Potential Legislative Concerns
Environmental and human health remains a top concern, and governments around the world are prioritizing the topic when developing new regulations that include chemical restrictions. Earlier this year, some EU member states proposed legislation to the European Chemicals Agency to phase out the use of per- and polyfluorinated substances (PFAS) in the European Union due to their persistence as an environmental pollutant and their negative impact on human health. A potential ban on the use of this family of chemicals would affect a plethora of products, including electric vehicle (EV) batteries, as the organic solvent-based polyvinylidene fluoride (PVDF) is the state-of-the-art binder system for lithium-ion battery cathode electrodes and falls into the PFAS category.
Knowing this, cell manufacturers and material providers are looking for more sustainable battery chemistries that can replace this material in EVs without compromising performance. Among others, water-based chemistries, such as styrene acrylate (SA)- and polyacrylic acid (PAA)-based technologies are considered more sustainable cathode binder systems to replace PFAS-based chemistries, while meeting performance needs.

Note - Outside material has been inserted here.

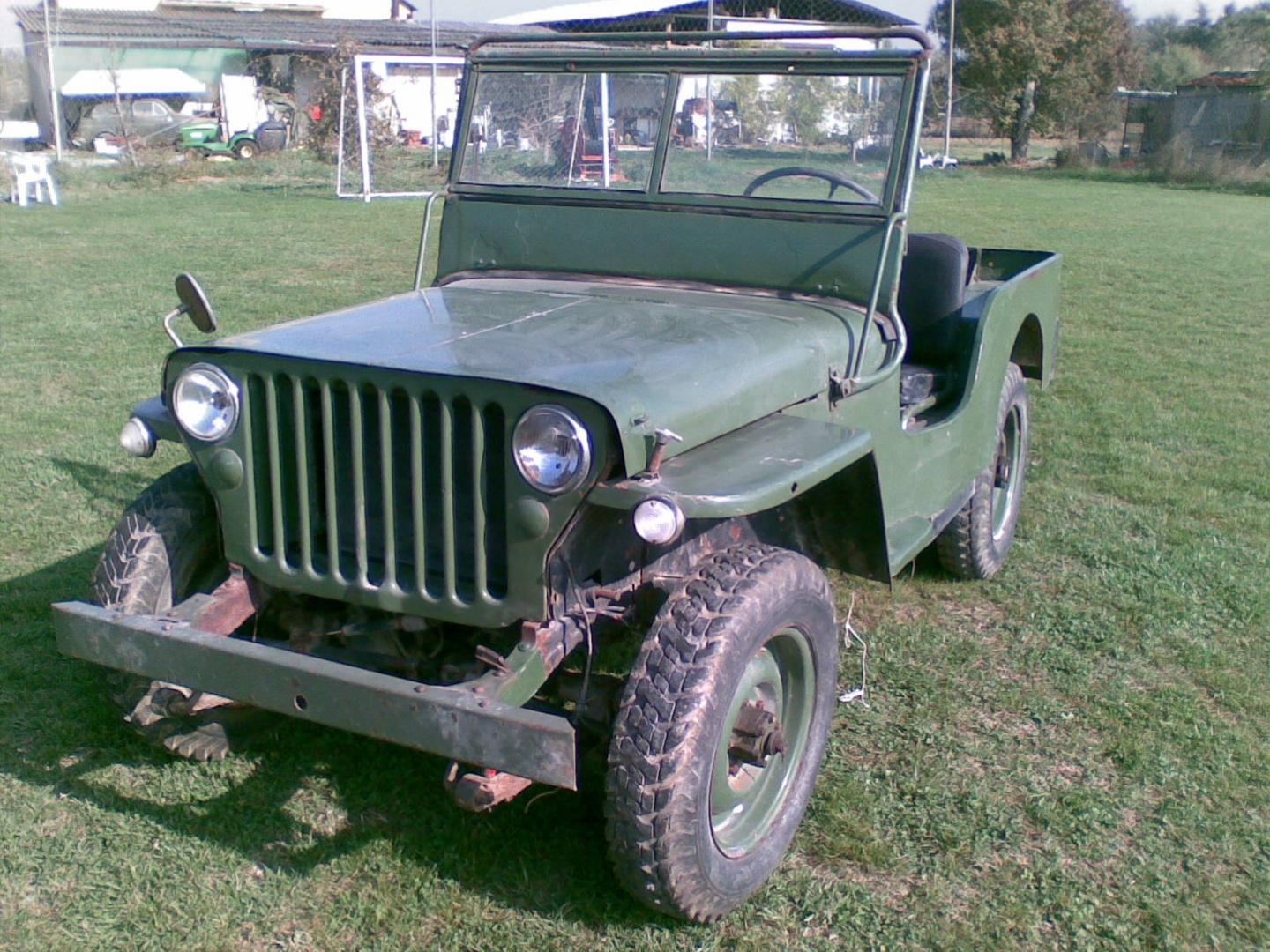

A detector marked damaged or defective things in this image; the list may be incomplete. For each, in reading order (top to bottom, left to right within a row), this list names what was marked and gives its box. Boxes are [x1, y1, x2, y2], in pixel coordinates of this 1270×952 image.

rusty metal panel [53, 604, 581, 792] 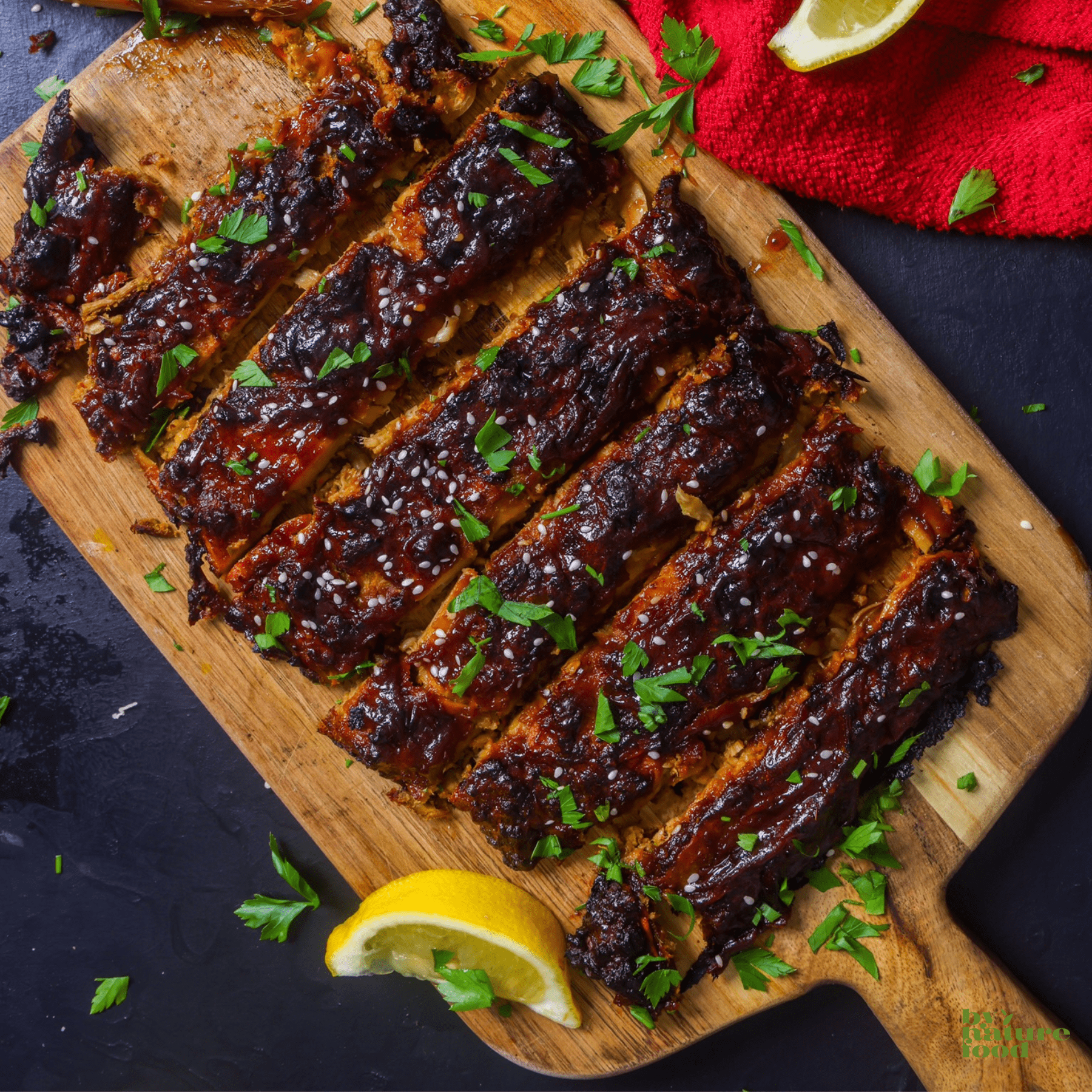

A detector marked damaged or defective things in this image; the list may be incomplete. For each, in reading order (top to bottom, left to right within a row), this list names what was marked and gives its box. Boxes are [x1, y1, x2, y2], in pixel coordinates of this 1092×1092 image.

Looking at Alternative Cathode Manufacturing Processes
One method to improve the sustainability of batteries is to incorporate water-based processing for Li-ion battery cathodes, limiting the amount of hazardous chemicals used throughout the battery production process.
Battery manufacturers are showing an increased interest in this method, as water-based processing of cathodes removes the need to use N-Methyl-2-pyrrolidone (NMP) as a solvent—applied in combination with PVDF binders and a known potential hazard to human health—and creates a more sustainable cell manufacturing process. Removing the chemical also eliminates the need for NMP handling and recycling facilities, in turn benefiting CAPEX and OPEX procedures.
Market leaders have already started to implement water-based cathode coating processes—not only for LPF cathode chemistries but also for high Nickel-containing NMC cathode chemistries.
Introducing New Materials
A primary goal of improving batteries is to increase their energy and power density—adding mileage and fast-charging potential to EVs. Silicon (Si) can be used as an active anode material to help manufacturers meet this goal. However, with Si addition to the anode, binder requirements become more demanding.
Depending on the Si particle structure, this material is subject to a volume expansion of up to 300% upon battery charging. This mechanical stress can lead to particle cracking and electrode delamination, resulting in a rapid cell performance drop that hinders manufacturers from adding large amounts of Si into the anode electrode.
Today, up to 10% of Si can be added to the graphite anode with commercially available binder systems, but there is the potential to develop new solutions so that the binder becomes an enabler to increase the Si amount. That’s why Trinseo is proud to be partnering with Ferroglobe PLC to jointly develop Si-rich anode solutions. Together, the companies can push the limits of battery performance and introduce new binder chemistries that can support even higher levels of silicon.
By examining new and more sustainable electrode manufacturing methods and material options now, material providers and cell manufacturers can proactively team up to create solutions that meet the performance needs for more sustainable EV batteries.